2000-05-14 until 2000-08-06
Sprengel Musuem
Hannover, , DE Germany

Karl Kraus once wrote Art is that which becomes the world. The art form which has set its mark on the 20th century by portraying it and sowith influencing its view of time and space, is without doubt photography. It is omnipresent and exists in the most diverse aesthetic designs.

The exhibition How you look at it. 20th-century Photography offers a chance to take stock. It starts by showing how photography has greatly increased in popularity in recent years, mainly obvious by its growing presence in museums which in the past normally reserved museum space for older forms of art. It also traces the surprisingly high numbers in visitors as well as the increase in the market value of art photography. Even so, aspects central to the history of art photography are not really known to a broad section of the public. The exhibition, containing more than 500 prints, presents the artistic highlights of 20th-century photography and its foremost representatives.

The main focus is on realistic photography, oriented towards visible reality. Its language is closely associated with the phenomena of our everyday world, although not only in order to document it. For, here it is more a case of artistic structuring of the visible in order to clarify an intellectual reality: ideas, memories, emotions through which the previous century makes itself recognisable in its own special reality. Photographic artists deal with this complex reality by creating multilayered picture series, in which they heighten the mediums expression and density. How you look at it follows this principle through longer stretches of pictures, assembled by the artists themselves.

Photography could not have developed in this way without an exchange with other art genres. This pioneering exhibition confronts photography with some 40 selected works from painting and sculpture. Parallel viewing reveals numerous points of contact: a common interest in urban life - its topography; in its speeded-up social rhythm; in the idioms of advertising and fashion; in portraits of mankind and the way he treats nature etc. This integration clarifies new aesthetic positions, reveals borders where both painting and photography leave traditional paths and try out new means of expression. It elucidates photographys pictorial character and proves it to be not merely concerned with documenting the visible, but with having personal visions, which also reflect the possibilities of pictorial expression. The exhibition does not, however, illustrate theses from art history as to definite influences and dependencies of the artistic genre, but relies more on art and its ability to convince through a concept which is not only lively but also follows the interests of the curators.
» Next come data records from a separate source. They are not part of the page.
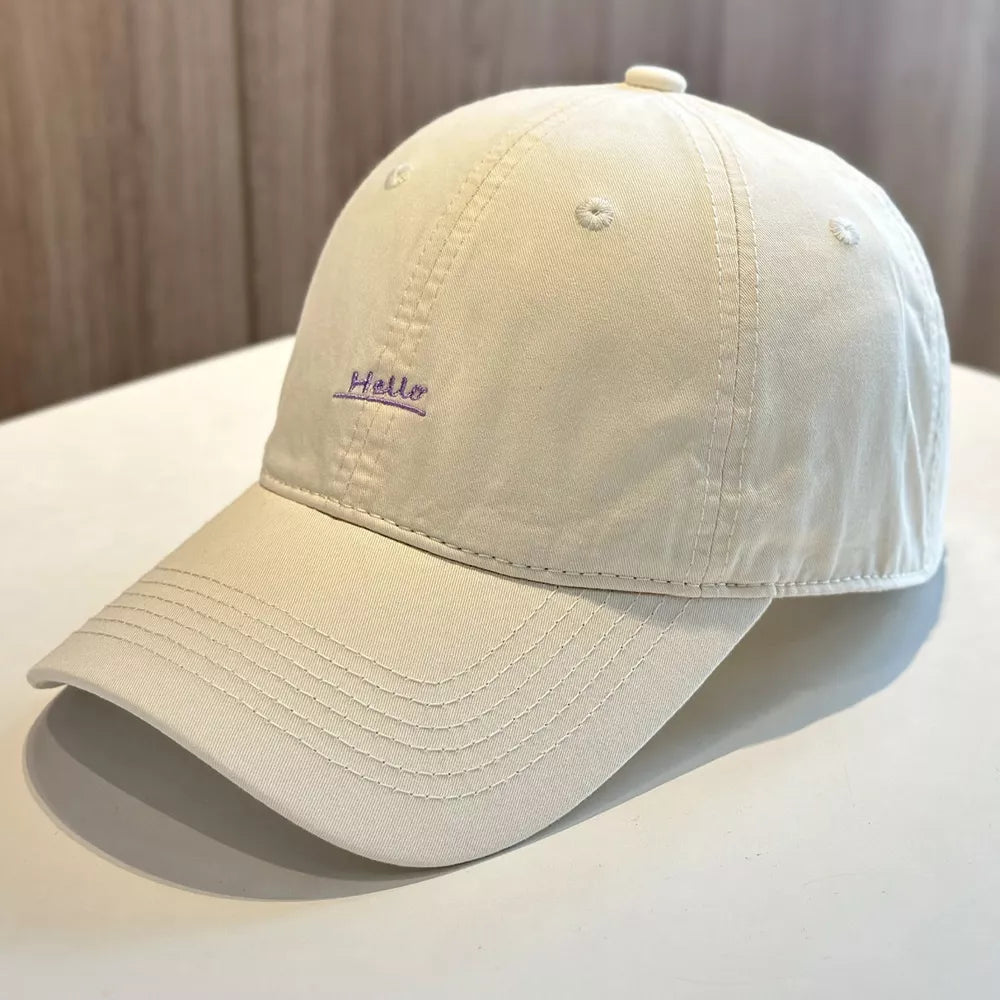 Beige baseball cap with purple embroidered "Hello" text detail.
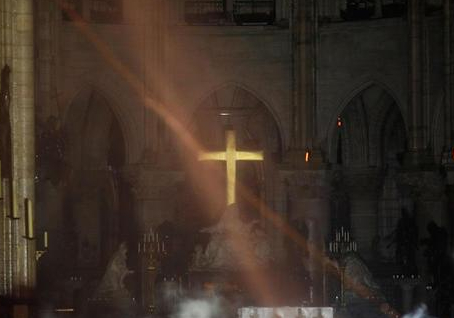 https://www.cbsnews.com/news/notre-dame-cathedral-on-fire-crucifix-altar-cross-paris/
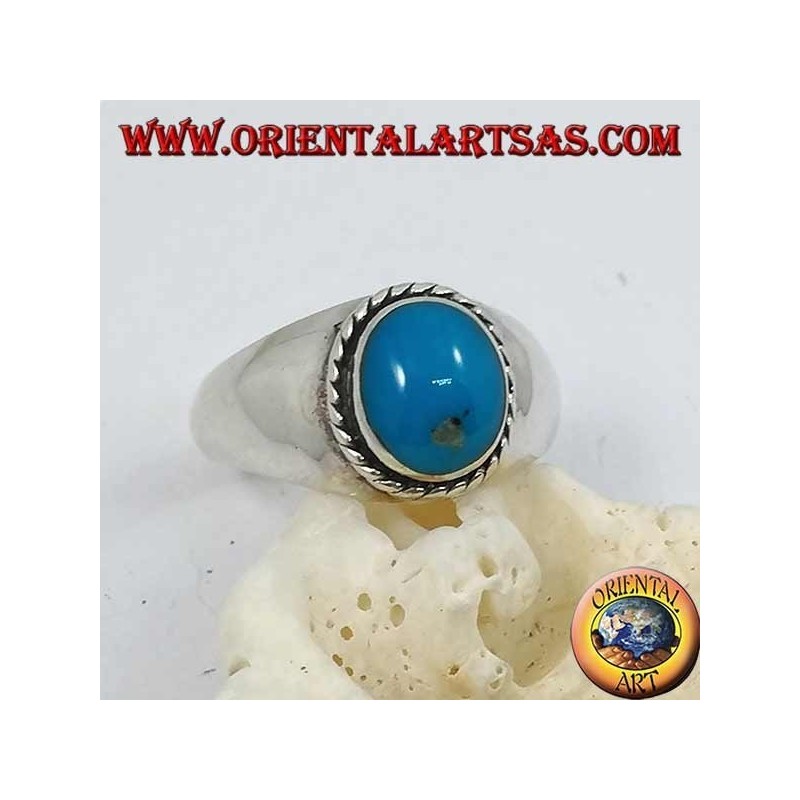 Anillo de plata con un cabujón oval turquesa rodeado de una trenza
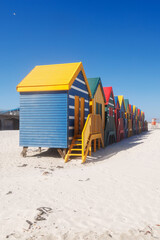 Naklejka premium Colorful beach huts at Muizenberg Beach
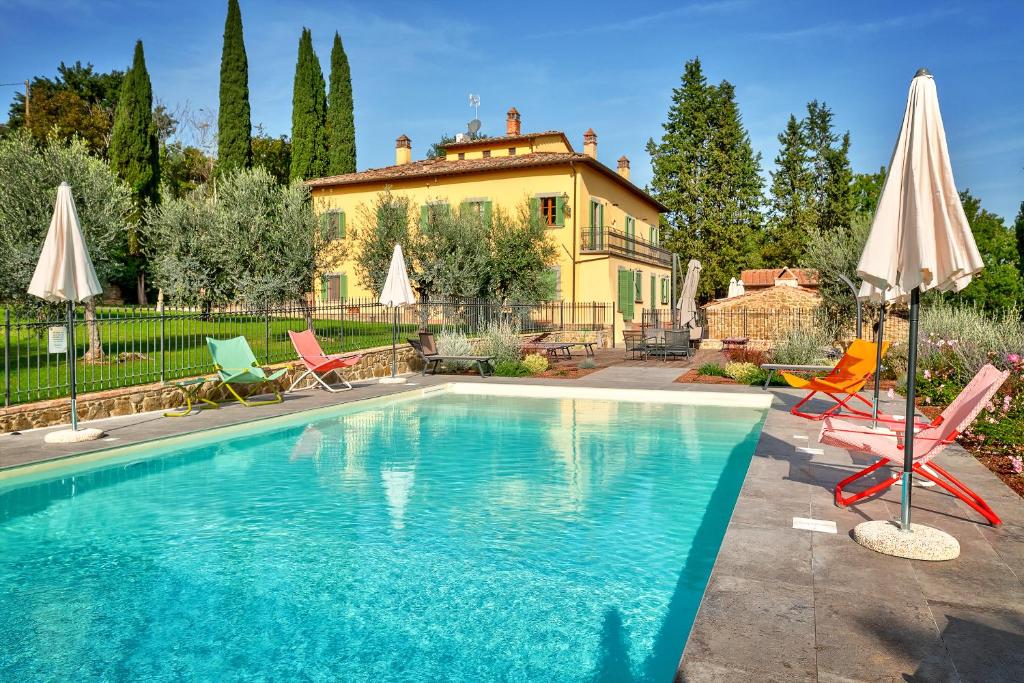 a pool with chairs and umbrellas in front of a house at Villa Maria in Monte San Savino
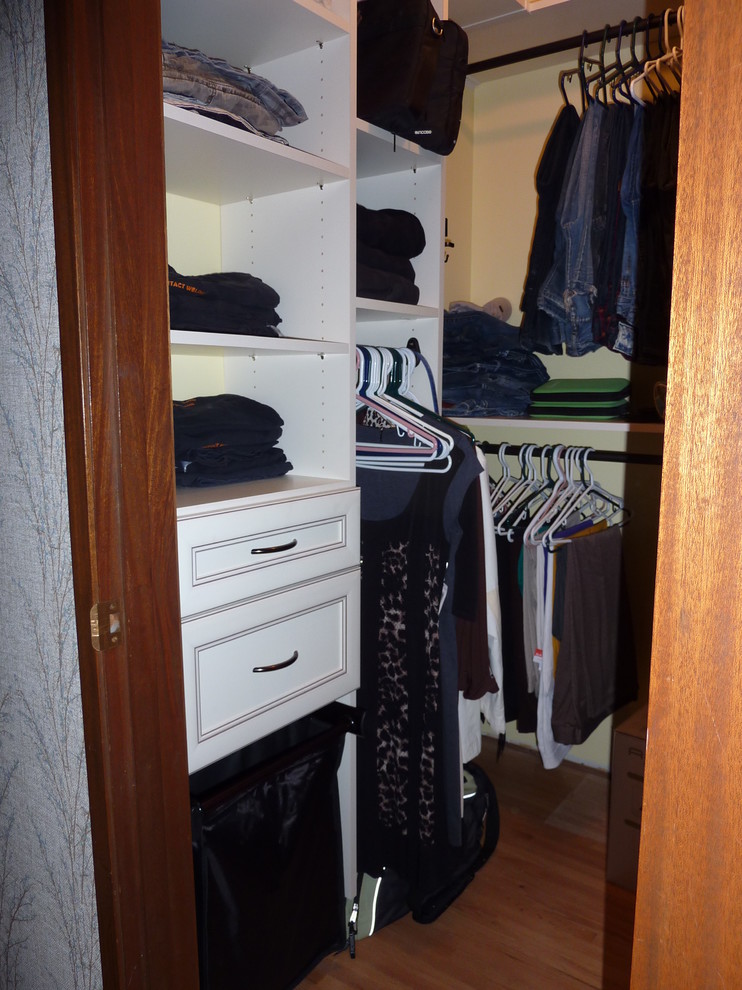 Small Walkin closet with hamper and drawers fully maximized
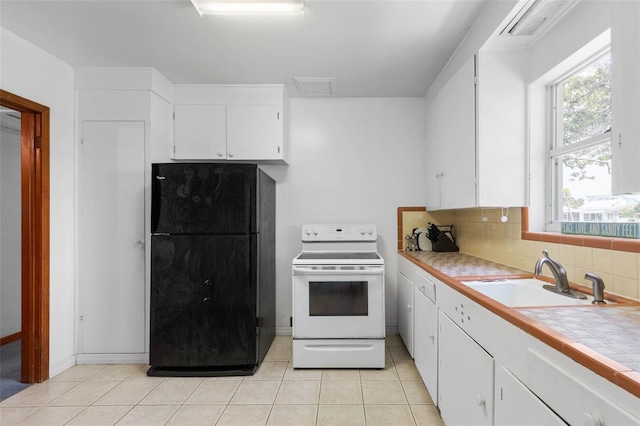 168 Palmetto Ave, Flagler Beach, FL 32136 - kitchen featuring electric range, freestanding refrigerator, a sink, white cabinetry, and light tile patterned floors
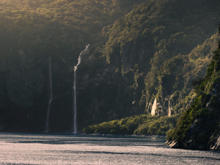 A panoramic photo of Milford Sound with waterfalls cascading into the fiord.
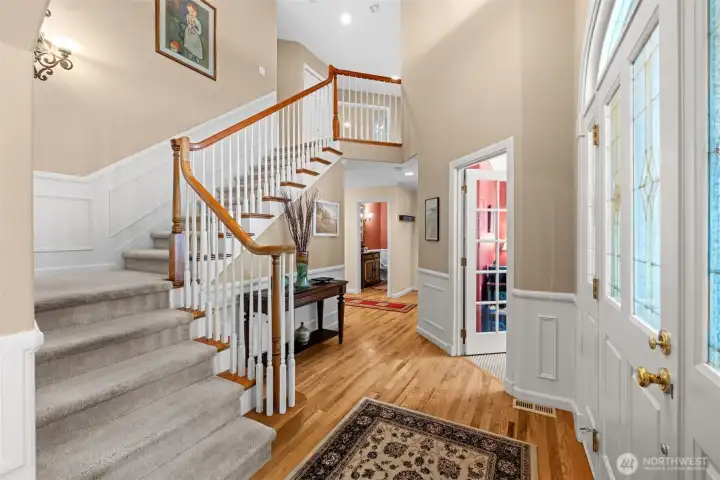 Grand entry with soaring ceiling.
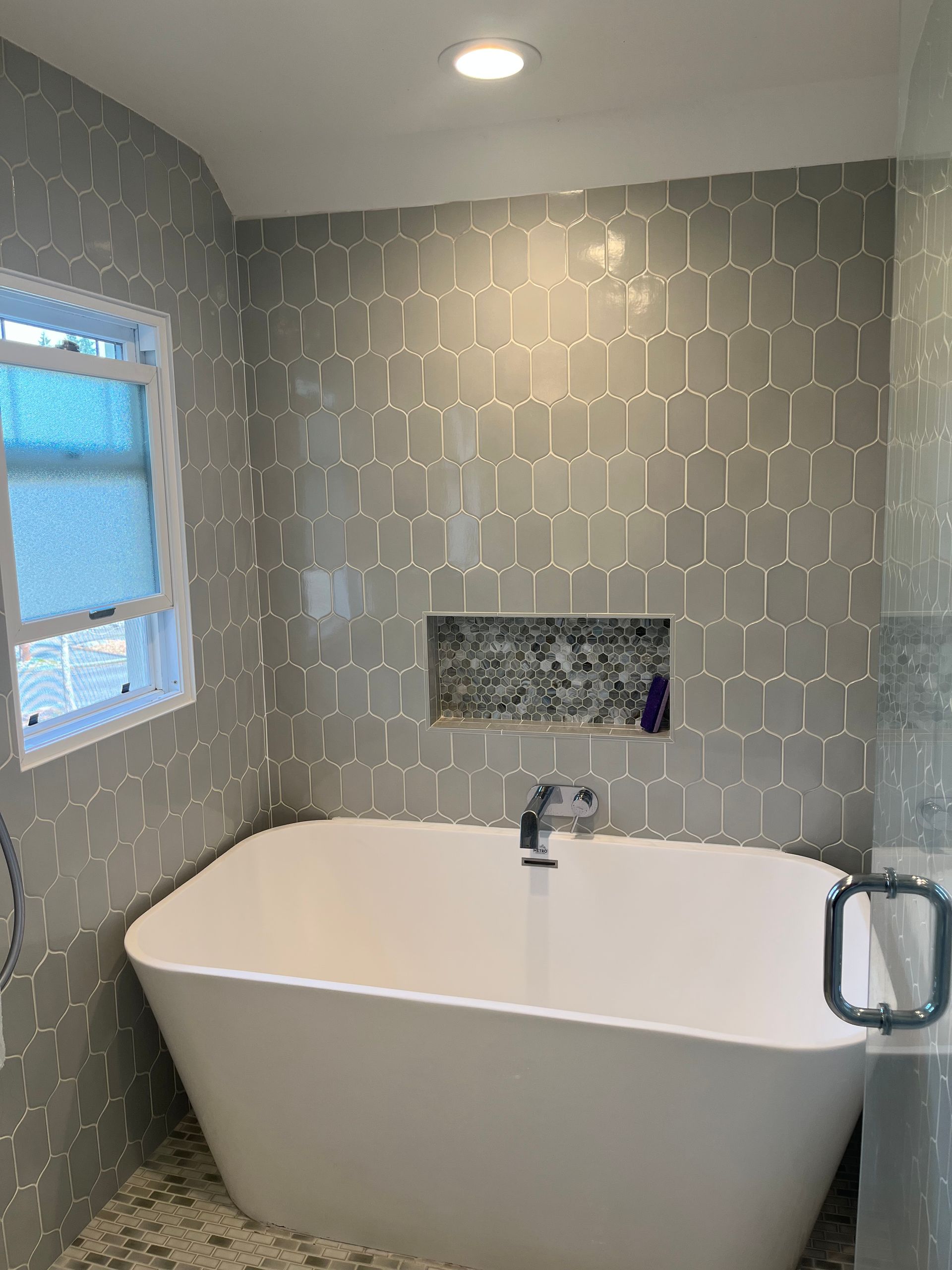 Modern bathroom with freestanding white tub, gray patterned tile, window, and recessed wall niche.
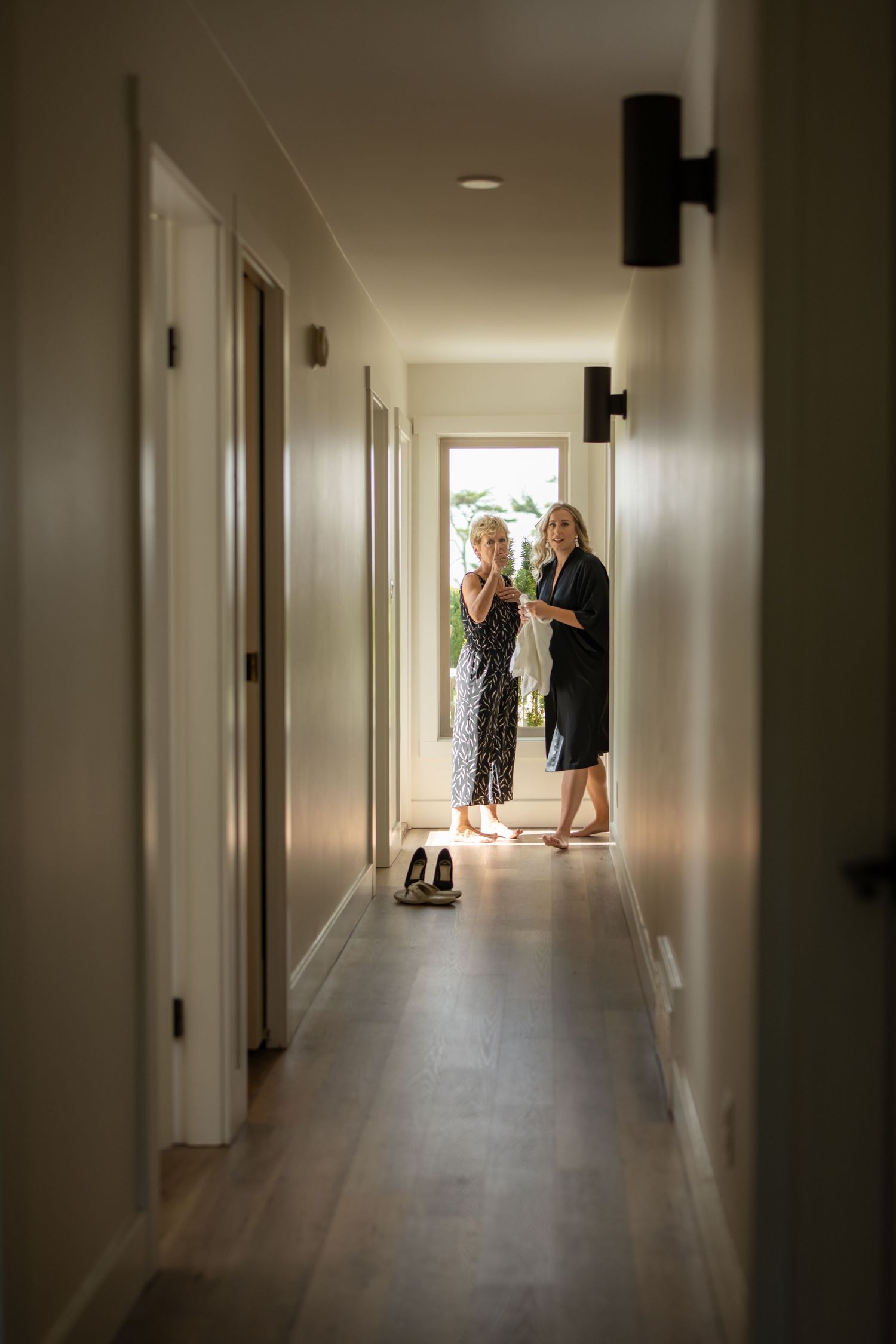 Long white hallway with natural light streaming in from windows at the end.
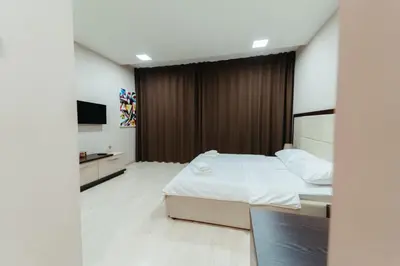 a hotel room with a bed and a television at Koncept RK in Banja Luka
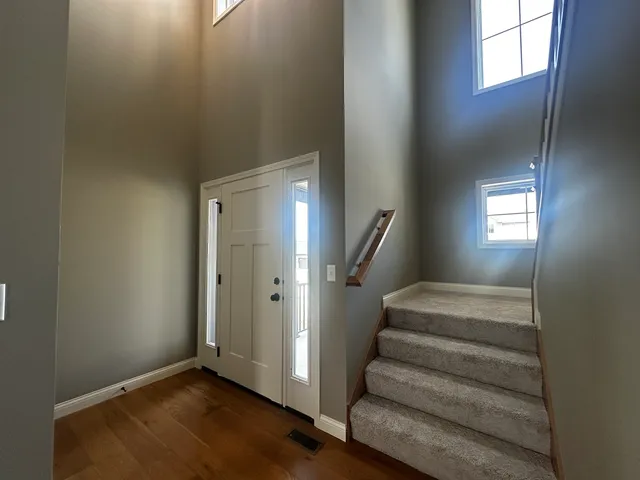 a view of entryway with stairs
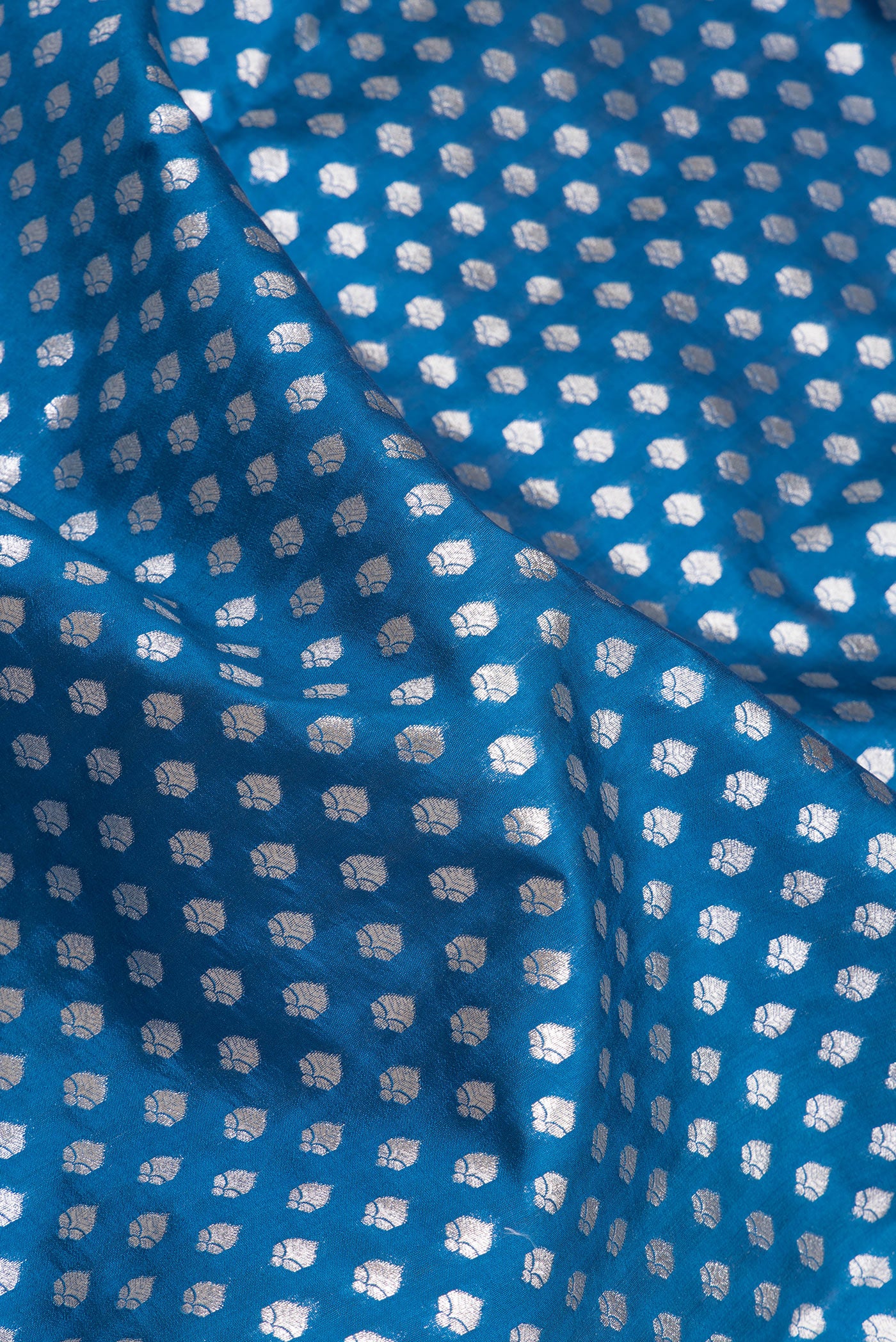 Close up of Peacock Blue Dual Tone Tussar Silk Saree with Zari Butta on the body and Zari Border.  displaying folds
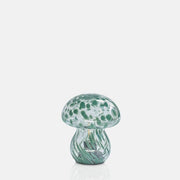 Glass mushroom LED lamp with green speckled pattern on a white background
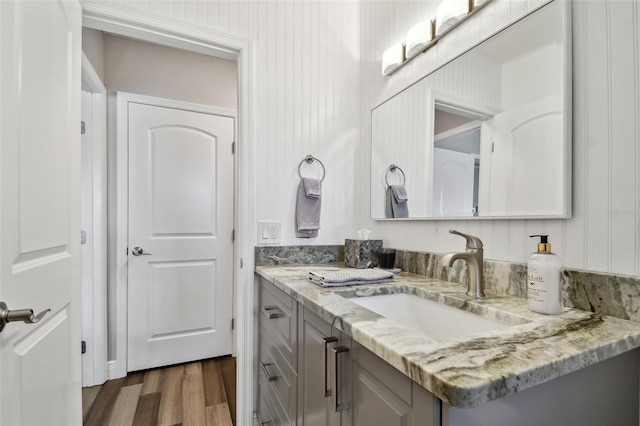 bathroom with vanity and wood-type flooring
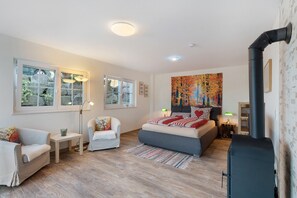 Un dormitorio moderno con cama, dos sillones, una mesita, chimenea y ventanas amplias.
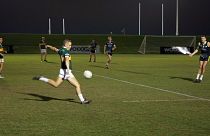 Kerry team player kicking for a point on the scoreboard. 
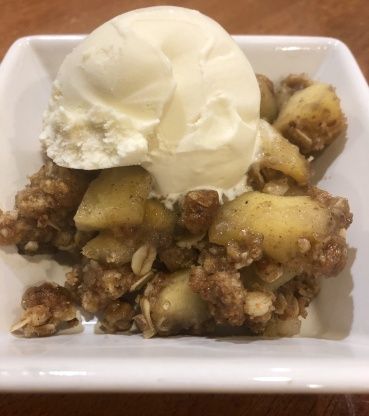 a white plate topped with fruit and ice cream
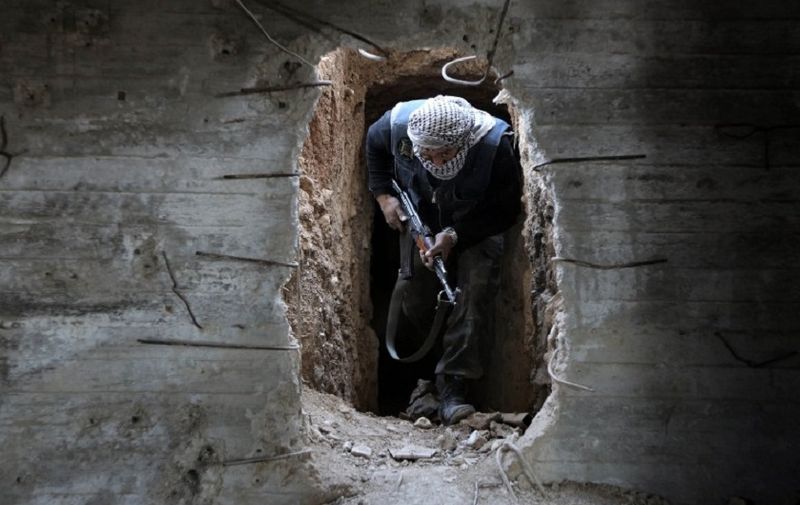 A Syrian rebel fighter from the Failaq al-Rahman brigade comes out of a hiding position on the frontline against regime forces in the town of Arbin in the eastern Ghouta region on the outskirts of the capital Damascus on February 26, 2016. 
A partial ceasefire between Syria's regime forces and non-jihadist rebel fighters is due to take effect at midnight (2200 GMT) local time.
 / AFP PHOTO / AMER ALMOHIBANY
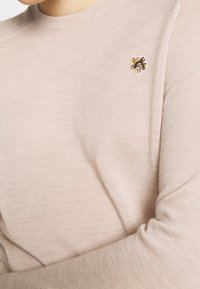 Un pull rose clair en tissu doux, avec un col rond et un petit détail de broderie florale sur le côté gauche de la poitrine.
The exhibition is part of the cultural programme during EXPO 2000. It is presented in co-operation with the Niedersaechsische Sparkassenstiftung.

Artists: the exhibition presents groups of work by the following photographers: Robert Adams (USA), Diane Arbus (USA), Eugene Atget (F), Lewis Baltz (USA), Bernd and Hilla Becher (G), Karl Blossfeldt (G), Christian Boltanski (F), Brassaï (F), Larry Clark (USA), Rineke Dijkstra (NL), William Eggleston (USA), Walker Evans (USA), Patrick Faigenbaum (F), Hans-Peter Feldmann (G), Robert Frank (CH/USA), Lee Friedlander (USA), Bernhard Fuchs (A), Dan Graham (USA), Andreas Gursky (G), Axel Hütte (G), Boris Michailov (UA), Nicholas Nixon (USA), Sigmar Polke (G), Albert Renger-Patzsch (G), Judith Joy Ross (USA), Thomas Ruff (G), Ed Ruscha (USA), August Sander (G), Michael Schmidt (G), Charles Sheeler (USA), Cindy Sherman (USA), Stephen Shore (USA), Paul Strand (USA), Thomas Struth (G), Shomei Tomatsu (J), Jeff Wall (CDN) and Garry Winogrand (USA)

In dialogue with paintings and sculptures by: Francis Bacon (GB), Max Beckmann (G), Edgar Degas (F), Alberto Giacometti (CH), Vilhelm Hammershøi (DK), David Hockney (GB), Martin Honert (G), Edward Hopper (USA), Jasper Johns (USA), On Kawara (J), Ellsworth Kelly (USA), Franz Kline (USA), Kurt Kocherscheidt (A), Roy Lichtenstein (USA), Albert Marquet (F), Agnes Martin (USA), Giorgio Morandi (I), Bruce Nauman (USA), Pablo Picasso (E), Odilon Redon (F), David Reed (USA), Gerhard Richter (G), Mark Rothko (USA), Oskar Schlemmer (G), Carl Schuch (A), Thomas Schütte (G), Volker Stelzmann (G), Ludwig Georg Vogel (CH) and Andy Warhol (USA)

Curators: Thomas Weski, Sprengel Museum Hannover, and Heinz Liesbrock

Patron: How you look at it is under the patronage of German Chancellor Gerhard Schroeder.